▶ Exercise brief: Pictures stay out of the answer, but every line of the material must be restated exactly.

▶ Supplied information:
- Opening Delimiter -

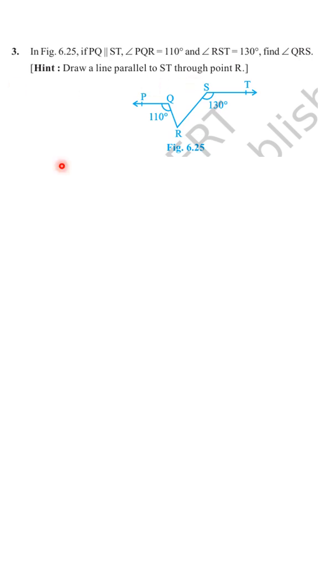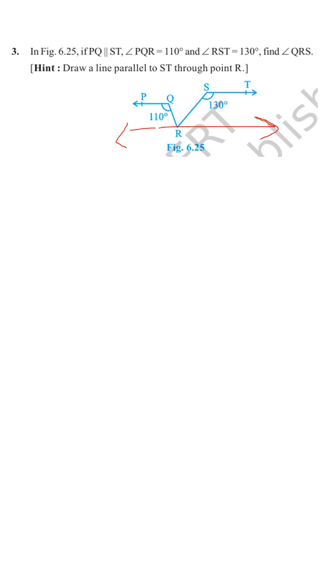We will be drawing a line parallel to ST through point R. We are drawing a line parallel to ST through this point. So this line is parallel to ST, that means it's parallel to PQ also. Lines parallel to the same line are parallel to one another.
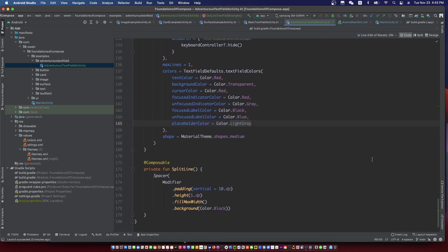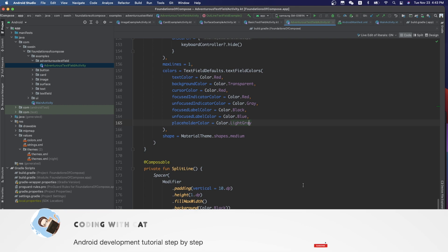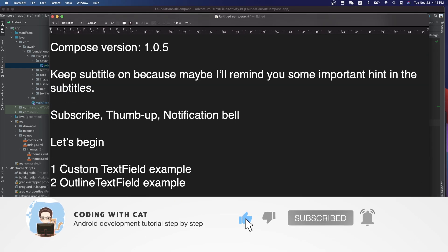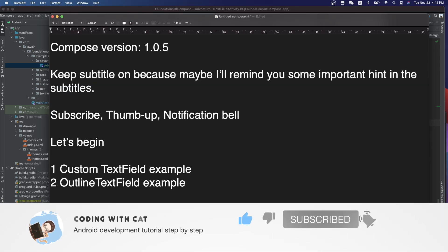See you next video and don't forget to subscribe to my channel. Thanks.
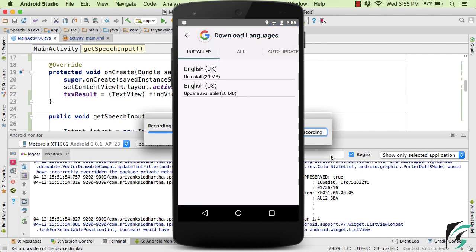And now here, you can see the default language, that is the English, I have already installed in my device. That is why it is working perfectly fine even in the absence of the internet.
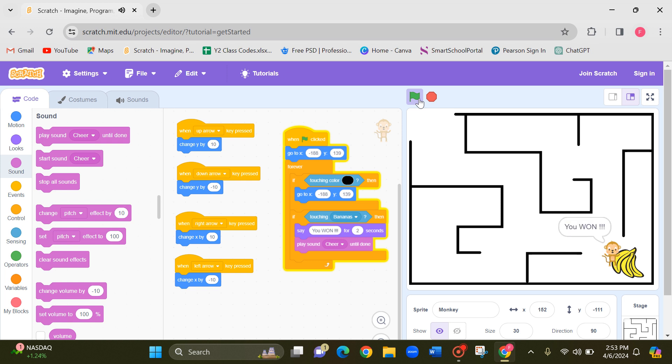So this is how you all can create your maze game. Please, let's stop it. So please do practice at home.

- Closing Delimiter -

▶ Result of the exercise:
We will be drawing a line parallel to ST through point R. We are drawing a line parallel to ST through this point. So this line is parallel to ST, that means it's parallel to PQ also. Lines parallel to the same line are parallel to one another.
See you next video and don't forget to subscribe to my channel. Thanks.
And now here, you can see the default language, that is the English, I have already installed in my device. That is why it is working perfectly fine even in the absence of the internet.
So this is how you all can create your maze game. Please, let's stop it. So please do practice at home.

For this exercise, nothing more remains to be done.